KENTUCKY —  When the world seemed to stop last spring, the bottling line at Kentucky Artisan Distillery in Oldham County stopped as well.


What You Need To Know

  • Coronavirus forced bourbon distilleries to shut down

  • Many found a new life in making hand sanitizer

  • A lot of hand sanitizer was given away because of the need

  • Production is up again at distilleries, but many say they treasure the memoires of being able to help the community

 

President and founder Stephen Thompson sent his workers home to avoid spreading the virus in the building. But in the uncertainty came an idea.

"Immediately, you realize that, 'Hey, we have what it takes to make hand sanitizer,'" he said in a February interview with Spectrum News 1 at the distillery.

Kentucky Artisan was not alone. As liquor producers, the commonwealth's distillers either had on-site or easy access to the base ingredients for hand sanitizer — namely, alcohol.

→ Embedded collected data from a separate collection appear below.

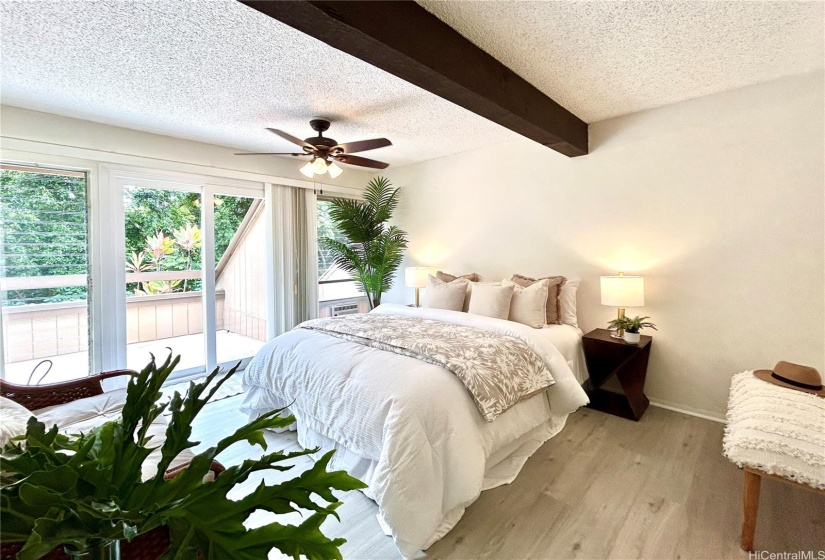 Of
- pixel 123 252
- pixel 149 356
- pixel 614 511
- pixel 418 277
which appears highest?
pixel 123 252

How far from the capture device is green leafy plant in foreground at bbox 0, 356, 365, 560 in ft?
1.69

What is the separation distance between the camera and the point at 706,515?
1.78 metres

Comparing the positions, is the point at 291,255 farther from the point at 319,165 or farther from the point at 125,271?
the point at 319,165

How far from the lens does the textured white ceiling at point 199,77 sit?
176 centimetres

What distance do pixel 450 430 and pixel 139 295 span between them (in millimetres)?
3362

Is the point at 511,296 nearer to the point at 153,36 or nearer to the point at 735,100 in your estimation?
the point at 735,100

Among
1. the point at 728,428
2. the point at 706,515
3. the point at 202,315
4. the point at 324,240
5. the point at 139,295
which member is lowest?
the point at 706,515

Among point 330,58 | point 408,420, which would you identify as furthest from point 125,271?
point 408,420

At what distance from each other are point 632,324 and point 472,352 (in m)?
1.58

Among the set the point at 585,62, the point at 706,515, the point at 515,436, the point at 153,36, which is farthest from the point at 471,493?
the point at 153,36

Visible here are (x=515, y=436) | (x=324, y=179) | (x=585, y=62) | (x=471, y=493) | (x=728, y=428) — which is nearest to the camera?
(x=471, y=493)

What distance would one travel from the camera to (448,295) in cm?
345

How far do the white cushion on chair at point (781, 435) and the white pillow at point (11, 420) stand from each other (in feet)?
8.67

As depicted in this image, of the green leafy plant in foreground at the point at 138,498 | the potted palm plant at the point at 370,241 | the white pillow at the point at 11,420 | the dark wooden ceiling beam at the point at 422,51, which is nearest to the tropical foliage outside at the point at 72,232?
the potted palm plant at the point at 370,241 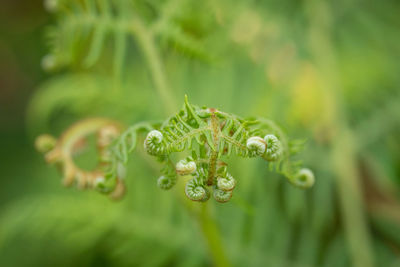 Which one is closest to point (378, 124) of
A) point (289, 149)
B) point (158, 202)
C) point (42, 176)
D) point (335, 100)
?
point (335, 100)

According to the Kentucky Distillers' Association, 27 of its member companies made sanitizer in 2020; led by smaller, craft operations and followed shortly thereafter by brands known around the world.

Kentucky Artisan produces Jefferson's Reserve bourbon, which can be found in liquor stores 1,000 miles from Oldham County. But Thompson describes his distillery — set on a back road in a modest warehouse — as a "boutique" operation: Too big to be considered a craft startup; too small to compete with the Brown-Formans and Sazeracs of the world.

Therefore, he kept his sites set locally when it came to producing sanitizer.

"We made a swap of buckets outside a Speedway parking lot to give to [the county,]" he laughed when recalling some of his charitable transactions.

At the distillers' association in March and April, the calls for help poured in.

"Daily, we were just getting hundreds and hundreds and hundreds of these requests," said KDA spokesperson Colleen Thomas in an interview with Spectrum News 1. "The need was that dire."

Thomas said Kentucky distillers manufactured about 521,000 gallons of sanitizer in 2020. Of that amount, about 140,000 gallons were donated.

The sanitizer that was sold, Thomas said, came largely from small distilleries that used the money to keep their businesses afloat while spirit production was slowed or shut down and tourism ground to a halt.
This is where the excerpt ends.